The Voice of the Community Since 1909, Serving Moorcroft and Pine Haven, Wyoming

Cleaning up the park

Pine Haven's Etched in Time Park has been the center of a few concerns for the last few years that involved a miscommunication between the town's long-lived beautification committee and the last couple of councils.

According to the committee spokesperson Tammie McGovern, the council at the time of the park's opening agreed to take over the maintenance and management of the site. But with the changing of the governing body over the years, this agreement was lost.

With a better understanding of the situation, the two entities have reached a new agreement. The committee will continue to provide the hanging flower baskets around the gazebo and the town will manage and maintain the park.

Town Clerk/Treasurer and avid landscaper and gardener McGovern, working under the auspices of the council and with some assistance from Dwight Dierking and Bill Matthews from public works, has started the task of remodeling the park, an endeavor close to her heart.

"My plan is to bring more of the riprap rock in and fill that whole river in because that fountain no longer works...then run solar light throughout," she says.

McGovern hopes to have the pond filled in before winter and imagines possibly a tree planted there if the roots can penetrate the concrete base in the future and she is still considering what to do with the defunct "waterfall".

She has started with placing 145 45-pound bags of red wood chips as a deep bed of mulch, covering the bald areas on both sides of the once-running "river" and pruning the overgrown shrubs around the gazebo.

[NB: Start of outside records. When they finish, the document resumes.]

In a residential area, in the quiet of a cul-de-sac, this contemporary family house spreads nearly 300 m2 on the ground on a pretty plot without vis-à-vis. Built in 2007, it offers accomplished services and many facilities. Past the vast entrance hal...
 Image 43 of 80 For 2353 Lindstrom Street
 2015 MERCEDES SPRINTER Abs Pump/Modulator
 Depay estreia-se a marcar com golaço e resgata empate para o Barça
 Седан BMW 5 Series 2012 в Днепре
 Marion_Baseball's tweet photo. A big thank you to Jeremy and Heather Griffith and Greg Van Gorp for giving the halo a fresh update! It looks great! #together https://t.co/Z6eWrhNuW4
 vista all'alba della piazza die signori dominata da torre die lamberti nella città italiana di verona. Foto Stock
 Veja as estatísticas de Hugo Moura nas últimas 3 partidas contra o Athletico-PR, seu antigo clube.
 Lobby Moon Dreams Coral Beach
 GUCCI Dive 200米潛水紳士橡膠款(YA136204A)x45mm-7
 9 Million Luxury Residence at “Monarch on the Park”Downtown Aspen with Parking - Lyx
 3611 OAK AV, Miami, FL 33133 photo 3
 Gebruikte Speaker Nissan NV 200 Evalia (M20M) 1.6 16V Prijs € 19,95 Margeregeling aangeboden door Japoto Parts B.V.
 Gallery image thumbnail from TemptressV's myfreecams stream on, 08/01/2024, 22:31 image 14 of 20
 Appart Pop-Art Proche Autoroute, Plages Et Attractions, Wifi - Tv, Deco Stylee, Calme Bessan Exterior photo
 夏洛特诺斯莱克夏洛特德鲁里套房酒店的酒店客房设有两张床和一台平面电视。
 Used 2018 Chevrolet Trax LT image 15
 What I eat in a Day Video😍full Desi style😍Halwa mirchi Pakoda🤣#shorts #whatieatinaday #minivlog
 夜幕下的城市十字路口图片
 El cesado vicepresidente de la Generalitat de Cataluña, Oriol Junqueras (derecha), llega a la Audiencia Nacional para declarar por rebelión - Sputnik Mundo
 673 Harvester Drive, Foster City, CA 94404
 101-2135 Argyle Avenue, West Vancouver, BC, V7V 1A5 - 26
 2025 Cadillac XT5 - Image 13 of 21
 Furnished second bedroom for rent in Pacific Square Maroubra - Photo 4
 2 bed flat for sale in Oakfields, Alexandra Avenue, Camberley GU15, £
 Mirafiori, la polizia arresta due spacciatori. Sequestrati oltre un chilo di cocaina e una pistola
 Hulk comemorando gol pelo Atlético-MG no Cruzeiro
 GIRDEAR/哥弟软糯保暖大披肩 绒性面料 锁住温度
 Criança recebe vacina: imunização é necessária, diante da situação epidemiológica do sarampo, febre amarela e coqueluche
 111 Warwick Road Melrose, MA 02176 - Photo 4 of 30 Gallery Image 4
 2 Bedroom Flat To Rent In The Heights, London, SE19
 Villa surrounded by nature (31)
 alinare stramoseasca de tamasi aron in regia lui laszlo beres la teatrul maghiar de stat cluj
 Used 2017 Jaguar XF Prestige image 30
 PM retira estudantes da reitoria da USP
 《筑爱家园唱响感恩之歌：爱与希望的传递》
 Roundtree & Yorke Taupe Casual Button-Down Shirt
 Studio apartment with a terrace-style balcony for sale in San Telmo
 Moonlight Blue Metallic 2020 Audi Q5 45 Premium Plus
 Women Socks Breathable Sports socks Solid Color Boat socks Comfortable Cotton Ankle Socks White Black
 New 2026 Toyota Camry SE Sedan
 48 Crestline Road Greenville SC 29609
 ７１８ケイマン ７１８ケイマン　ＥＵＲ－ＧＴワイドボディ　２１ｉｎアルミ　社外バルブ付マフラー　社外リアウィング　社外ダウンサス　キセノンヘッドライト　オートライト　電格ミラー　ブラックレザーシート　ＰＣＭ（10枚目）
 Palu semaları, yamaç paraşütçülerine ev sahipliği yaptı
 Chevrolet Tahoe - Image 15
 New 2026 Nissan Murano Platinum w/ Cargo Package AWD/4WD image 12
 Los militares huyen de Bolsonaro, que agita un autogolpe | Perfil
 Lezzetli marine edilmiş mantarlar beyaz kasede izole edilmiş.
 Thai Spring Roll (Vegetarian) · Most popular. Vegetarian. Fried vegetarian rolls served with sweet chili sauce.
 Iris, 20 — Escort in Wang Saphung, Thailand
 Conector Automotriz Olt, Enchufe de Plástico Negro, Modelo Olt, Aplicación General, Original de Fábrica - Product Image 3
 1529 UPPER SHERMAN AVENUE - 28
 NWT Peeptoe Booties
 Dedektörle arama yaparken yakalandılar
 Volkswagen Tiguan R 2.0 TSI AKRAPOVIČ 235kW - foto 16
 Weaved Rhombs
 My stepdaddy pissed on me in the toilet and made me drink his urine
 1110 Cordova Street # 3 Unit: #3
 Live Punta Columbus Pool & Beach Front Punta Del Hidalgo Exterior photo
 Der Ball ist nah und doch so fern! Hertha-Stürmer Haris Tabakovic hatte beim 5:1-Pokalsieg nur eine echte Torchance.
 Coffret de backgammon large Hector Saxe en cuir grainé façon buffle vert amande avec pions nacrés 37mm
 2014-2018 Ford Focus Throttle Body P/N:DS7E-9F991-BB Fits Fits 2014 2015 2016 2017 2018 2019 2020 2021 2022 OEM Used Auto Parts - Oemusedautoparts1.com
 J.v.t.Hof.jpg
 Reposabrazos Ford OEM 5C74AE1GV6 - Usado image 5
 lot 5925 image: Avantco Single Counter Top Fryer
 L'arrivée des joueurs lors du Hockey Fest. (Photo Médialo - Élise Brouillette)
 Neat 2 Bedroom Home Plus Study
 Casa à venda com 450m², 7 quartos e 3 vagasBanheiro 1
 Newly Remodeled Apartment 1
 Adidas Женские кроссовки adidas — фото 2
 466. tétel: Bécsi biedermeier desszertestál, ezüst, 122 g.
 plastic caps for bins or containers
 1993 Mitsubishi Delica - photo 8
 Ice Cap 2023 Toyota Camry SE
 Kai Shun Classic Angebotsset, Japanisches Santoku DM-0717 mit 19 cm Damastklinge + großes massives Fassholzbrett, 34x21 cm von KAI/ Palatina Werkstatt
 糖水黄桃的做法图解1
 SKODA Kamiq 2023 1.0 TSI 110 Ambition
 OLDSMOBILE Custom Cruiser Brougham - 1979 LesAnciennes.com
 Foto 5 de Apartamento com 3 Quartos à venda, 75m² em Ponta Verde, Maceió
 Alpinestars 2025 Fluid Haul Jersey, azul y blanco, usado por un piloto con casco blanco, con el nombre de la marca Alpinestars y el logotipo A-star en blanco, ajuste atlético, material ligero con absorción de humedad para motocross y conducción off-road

"It's been five or six years since it's had any [mulch] so I had to lay it really thick. I have 40 more bags to go... Next year, I'm going to add more shrubs and just do more landscaping," she says.

People have been reminded of the spaces still available for dedication in the park.

"What we need to do as soon as possible is get the bricks in there and then get it all grouted," she says.

McGovern will be ascertaining what kind of work will best salvage the oldest part of the signage that has begun to disintegrate as well.

Residents can expect to see more significant changes to the park next summer and fall, according to McGovern.